Data extract:
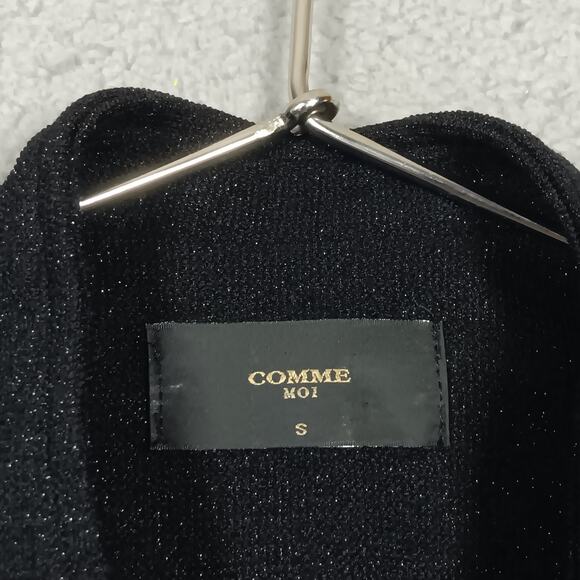 Comme Moi Moto Blazer Size Small Black with Silver Knit Accents Slanted Zipper - Picture 7 of 8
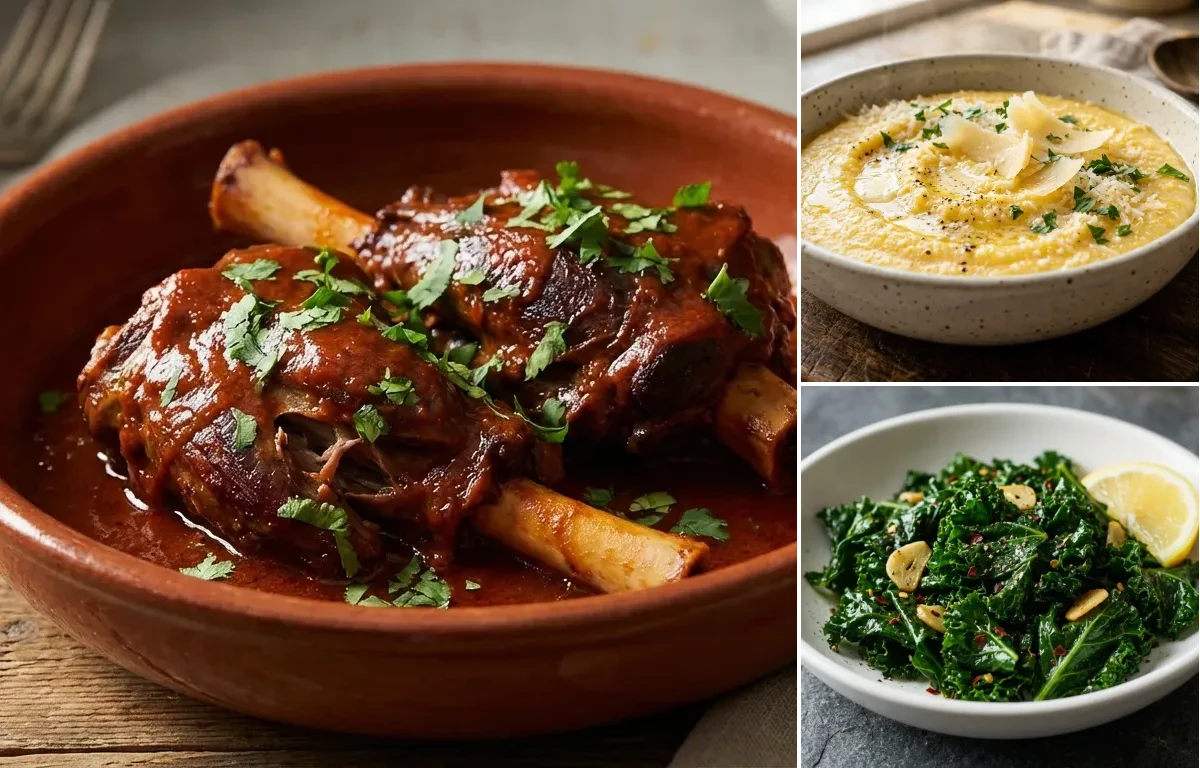 Lamb Shanks with Red Chile with Parmesan Polenta and Sauteed Kale with Garlic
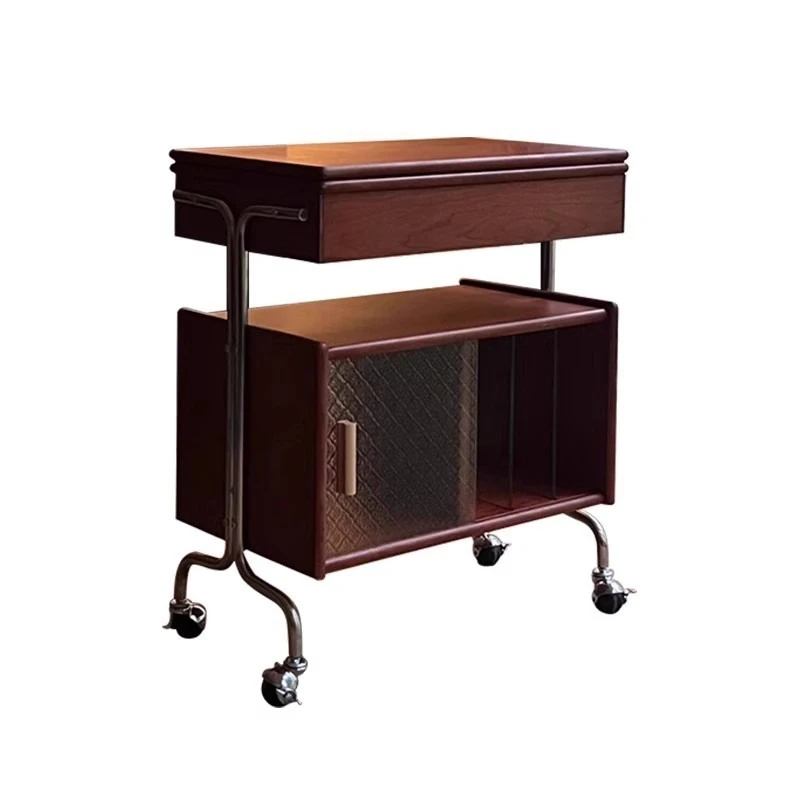 trolley antique living room movable folding table with pulley cabinet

Goal of the exercise: Return the complete data unchanged and include none of the pictures.

Task answer:
 Comme Moi Moto Blazer Size Small Black with Silver Knit Accents Slanted Zipper - Picture 7 of 8
 Lamb Shanks with Red Chile with Parmesan Polenta and Sauteed Kale with Garlic
 trolley antique living room movable folding table with pulley cabinet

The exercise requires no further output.